Most recently, as well as regular service work and the replacement of critical parts a number of important body and mechanical overhauls have been carried out to preserve the high standard of the car’s appearance and running order. Practical modifications have also been made to keep the car on the road, not least the decision to switch from Michelin’s TRX tyres (totally obsolete since the 1990’s for the HF Turbo’s Metric rim size) to more accessible 14” wheels, still in the same Cromodora style with modern tyres. Suspension, braking and electrical upgrades have also been carried out, most often with hard-to-find New Old Stock Lancia and OEM parts from original providers such as Bosch and Magneti Marelli.

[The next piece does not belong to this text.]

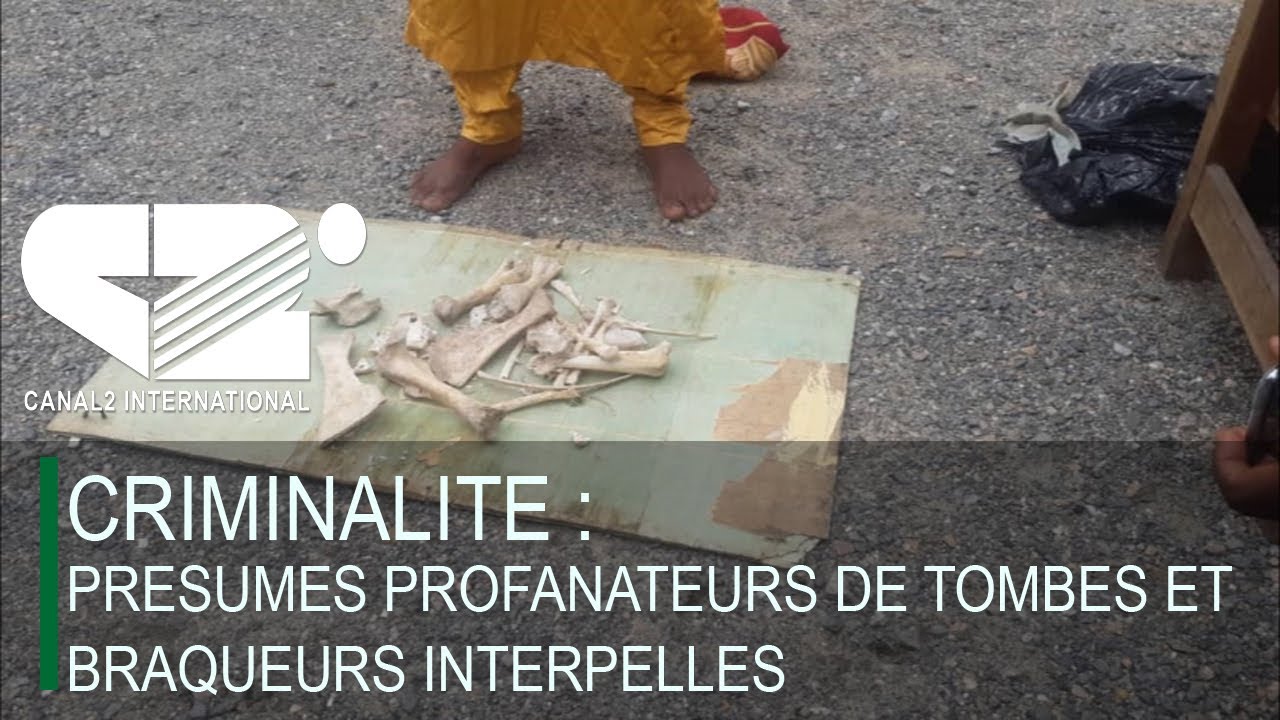CRIMINALITE : Pr&eacute;sum&eacute;s profanateurs de tombes et braqueurs interpell&eacute;s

After an extensive overhaul in 2018/19, the car was displayed at a number of shows during 2019 including the Italian-focused Classics at the Villa (May) and Lancia Motor Club AGM (August) where it won the Concours Best in Class award for Deltas & Prismas (class 14).

The car has its own ‘spares’ pack which includes a number of obsolete body panels, body fittings and cabin / cockpit parts, original Ermengildo Zegna cloth, sourced direct from the last-known stockist in Italy. Offered with a 12 month MOT having flawlessly passed this week.